[Openmp-dev] nested parallelism in libomptarget-nvptx

Mon Sep 10 05:05:30 PDT 2018

Hi Doru,

I'm getting more and more confused by your seemingly contradicting 
answers. In your first reply you wrote:
> The second level of parallelism in clang-ykt uses a scheme where all
> the threads in each warp cooperate to execute the workload of the  1st
> thread in the warp then the 2nd and so on until the workload of each
> of the 32 threads in the warp has been completed.

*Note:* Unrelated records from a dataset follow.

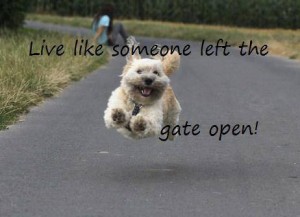 Live like someone left the gate open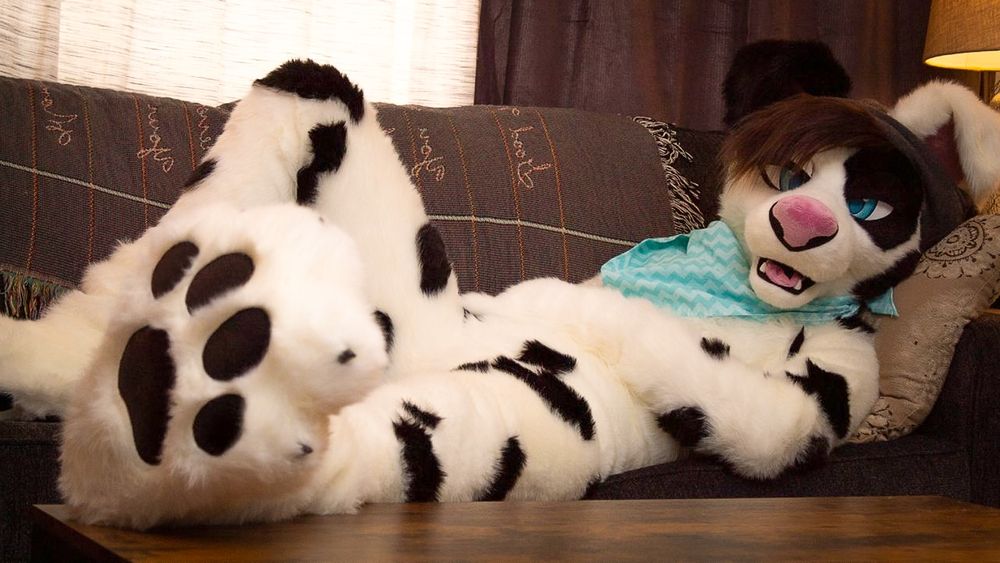 dally giving you his fursuit footpaw to worship :3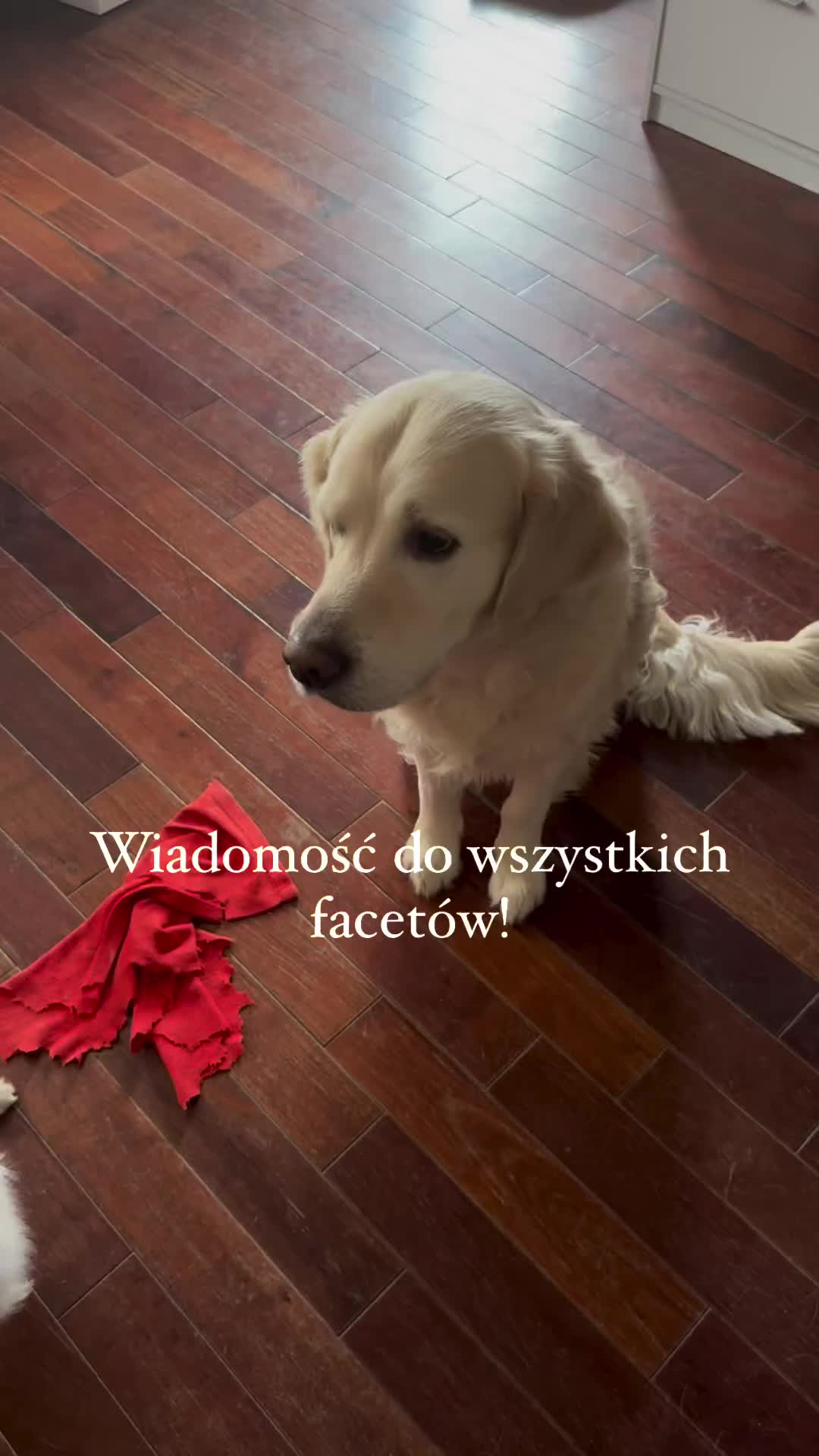 @Martyś 🥳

Accordingly, if you compile the following with clang-ykt:
#pragma omp teams
#pragma omp parallel
#pragma omp parallel
{
   /* ... */ = omp_get_num_threads();
}
the API call will return 32 because it's using "convergent parallelism" 
(see top of parallel.cu).

Hal's question was whether that makes sense to implement in Clang trunk 
when you answered
> Since ykt-clang only supports the fist scheme when we ran performance
> tests comparing nested parallelism against no nested parallelism we
> got anywhere from 4x slowdown to 32x speedup [...]
quoting a paper where you now seem to agree that the experiments only 
dealt with a single parallel in a teams construct.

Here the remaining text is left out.